SPEAK OF THE DEVIL…

… and he shall appear.

In tonight’s episode of ENTERPRISE, a comedy number featuring the NX-01 being boarded by Ferengi pyrates aided by (help me, Batman!) knockout gas, one of the crafty interstellar, er, “traders” was played by…

None other than Clint Howard, ladies and gentlemen, mentioned just ONE DAY AGO on this broadcast! At that time, I was referring primarily to his previous immortal role in the alll-time classic ROCK AND ROLL HGH SCHOOL but also by way of his appearance in the Classic Trek episode “The Corbomite Maneuver” as “Commander of the First Federation flagship Fesarius”. He was all of seven at the time.

It says here that he was born on April 20, 1959; if we accept the data, that’s FORTY-THREE years between episodes (unless I’m missing an appearance, a distinct possibility) and a whopping EIGHTY-SIX percent of his life to date – very possibly a new record for coming full circle as a guest actor on Trek.

You can also see him in the role here as well as in some other choice roles. As Balok, he ends the episode with the unforgettable words “This… is tranya. I hope you savor it as do I”, and pours everyone a little cup of orange juice.

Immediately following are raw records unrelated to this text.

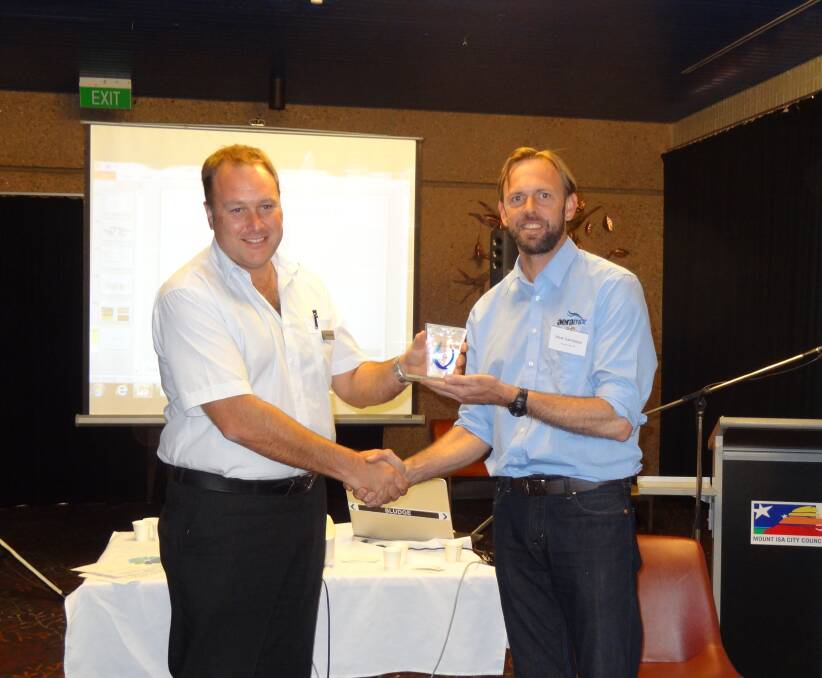 BEST DROP: qldwater chief executive officer Dave Cameron presenting Richmond’s water filtration supplier Aeramix Pty Ltd representative Mark Samblebe with an award for winning the semi-final of Orica’s Best of the Best Queensland Water Taste Test. – Picture: SUPPLIED

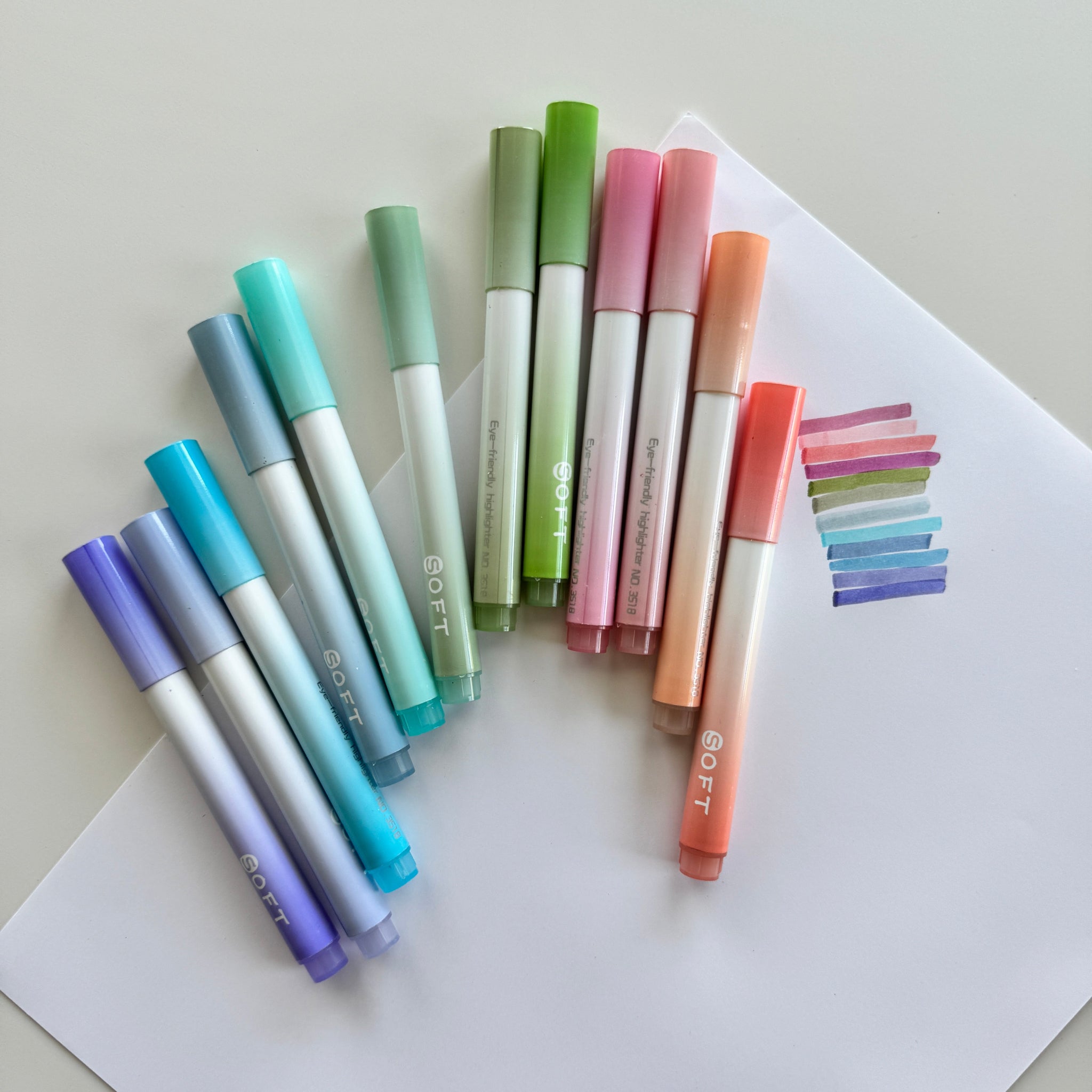 Set of colorful markers on a white background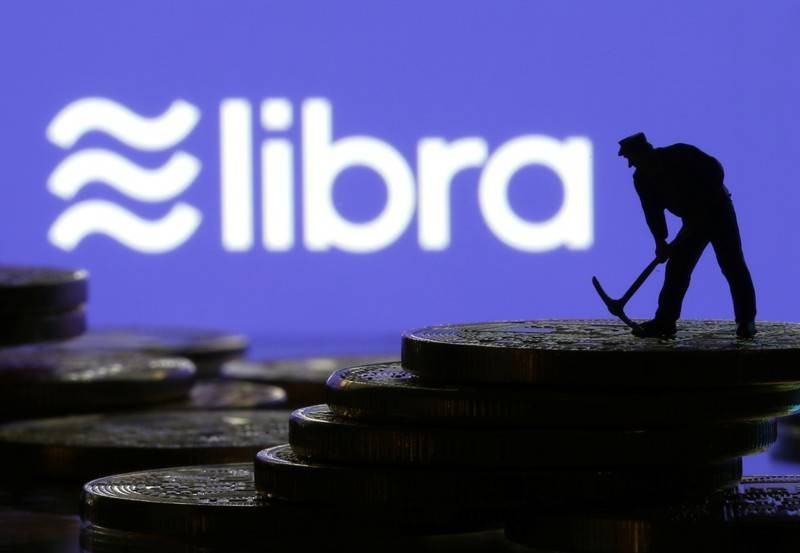 A small toy figure stands on representations of virtual currency in front of the Libra logo in this illustration picture June 21 2019. REUTERSDado RuvicIllustration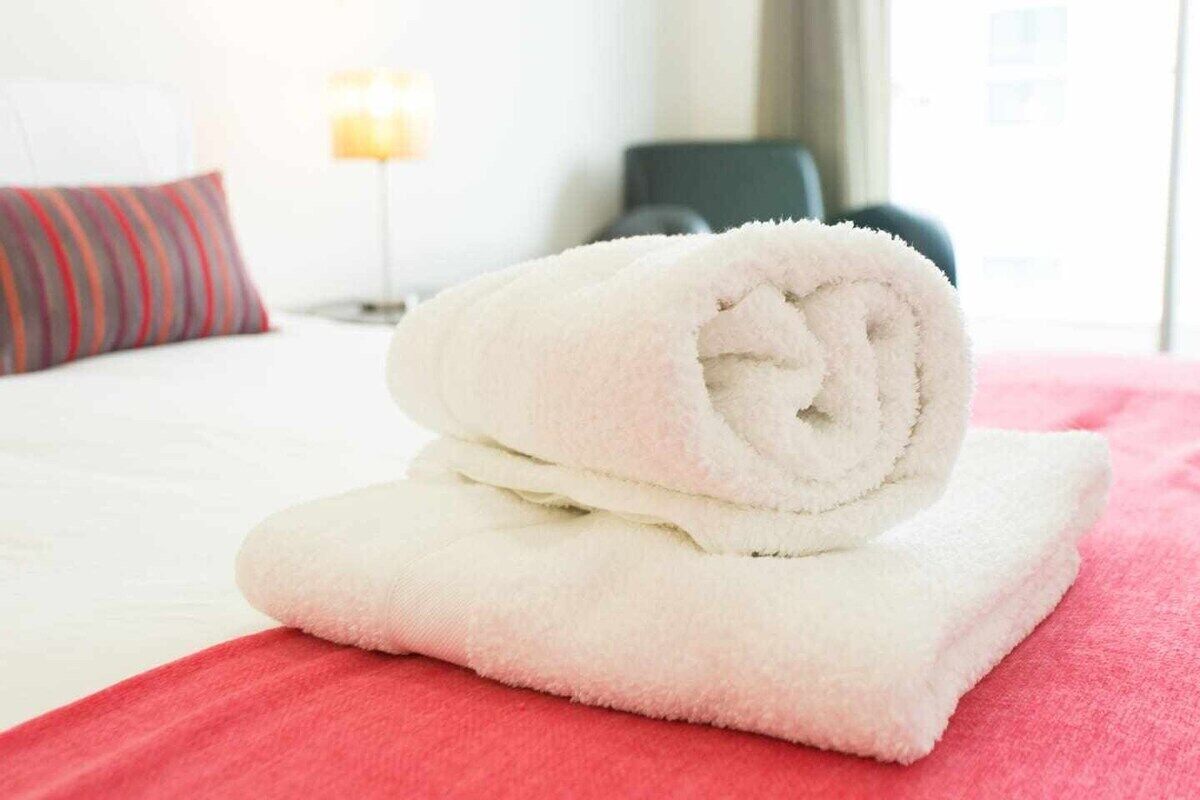 Een netjes gevouwen witte handdoek op een rode sprei in een hotelkamer.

Ladies and gentlemen, CLINT HOWARD!!! (applause)

(beat)

(beat)

wait a minute… “The Clint Howard Variety Show”? What the hell is going on here?

INNOVATION in UNION BUSTING

An AP wire story out of Miami by Ken Thomas (Workers: Voodoo Signs Present Before Union Vote):

“Workers at a nursing home testified Monday that they felt threatened by voodoo signs they saw before a union election that lawyers for the facility say should be nullified.”

The evidence:

“Lula Torina McClain-Barrett, a dietary aide, said she was worried after finding half-filled cups of water placed on cabinets and rows of three pennies in drawers that held sheets.

She said she was warned by others who knew about voodoo not to touch the pennies.

“After she told me they could be evil, I left them alone,” McClain-Barrett said.”

Well, geez, no wonder they were worried. The case is in adjudication by the NLRB. If they admit it as a harassment case, it sets an interesting precedent for what could be admissible in the future.

Far be it from me to mock someone’s belief system – um, wait, no, no, it’s not.

On the other hand, maybe this means I can put a voodoo curse on the American Enterprise institute:

In the name of Papa Legba and Baron Samedi, may all you pinheads at AEI experience catastrophic software failures that make it impossible for you to disseminate your evil propaganda.

Great! got that problem all taken care of, at least until someone accuses me of lining pennies up.

WHISKEY FUMETTI

Fumetti are photo-based comic strips. Readers of the National Lampoon in the seventies will recall the form from there.

Here is a cautionary tale concerning the inherent dangers of John Barleycorn.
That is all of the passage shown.